But a lot of new boards are hybrids. The parkstar is not like most rocker boards. It is 80 percent flat with rocker tip and tail. You should demo some boards. You might find out you like one of the hybrids better.


----------



## neni (Dec 24, 2012)

pilotib said:


> As I am now in my mid-30's, the park riding is gone from me and I love raw, dirty speed and carving the crap out of the icy s*^%hole that is Alpine Valley.
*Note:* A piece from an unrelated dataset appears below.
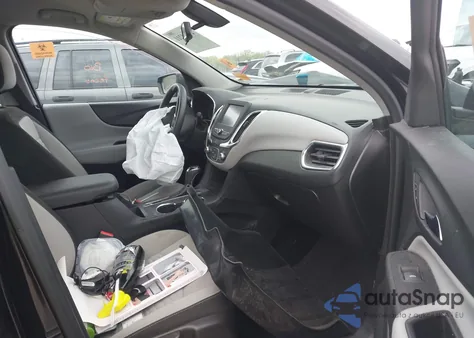 2018 Chevrolet Equinox Ls from USA, damaged, VIN 2GNAXHEV3J6340780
The Custom X is a great board for what you mention, and also performs great in crud, but it is just rather old school hard work in deep pow... if you intend to hit pow frequently (that's what I assume by "going out west"), you might want to look at RCR (rocker in tip n tail, camber between feet) profile boards instead of full camber. 
To make it more complicated, also with RCR decks, shapes still differ  just as an example: the Rossi XV and Jones Flagship have a early rocker nose (rocker lifts right at the last insert), whereas with a Volkl Coal or Ride Highlife the rocker is less pronounced and rises well after the inserts. There are many more RCR boards around that would be less plankish than the ones I mentioned and would be better suitable for all day riding (Flagship, Highlife and Coal are great for speed and carving but PITA in crud n moguls). 

BTW: don't look for profiles at online shops. I've seen several boards with completely wrong profiles (e.g. schemes of CRC for a board that actually is a RCR). You can use thegoodride.com to get a general idea what's around, however, take the reviews there with a barrel of salt (copy past chaos and sometimes doubtful if the board was ridden at all) but the shapes were correct for all the boards I've looked at.


----------



## ASwedishViking (Dec 27, 2013)

neni said:


> To make it more complicated, also with RCR decks, shapes still differ  just as an example: the Rossi XV and Jones Flagship have a early rocker nose (rocker lifts right at the last insert), whereas with a Volkl Coal or Ride Highlife the rocker is less pronounced and rises well after the inserts. There are many more RCR boards around that would be less plankish than the ones I mentioned and would be better suitable for all day riding (Flagship, Highlife and Coal are great for speed and carving but PITA in crud n moguls).


Dont forget the Ride Berzerker! Great all-mountain board and cheaper then the Highlife


----------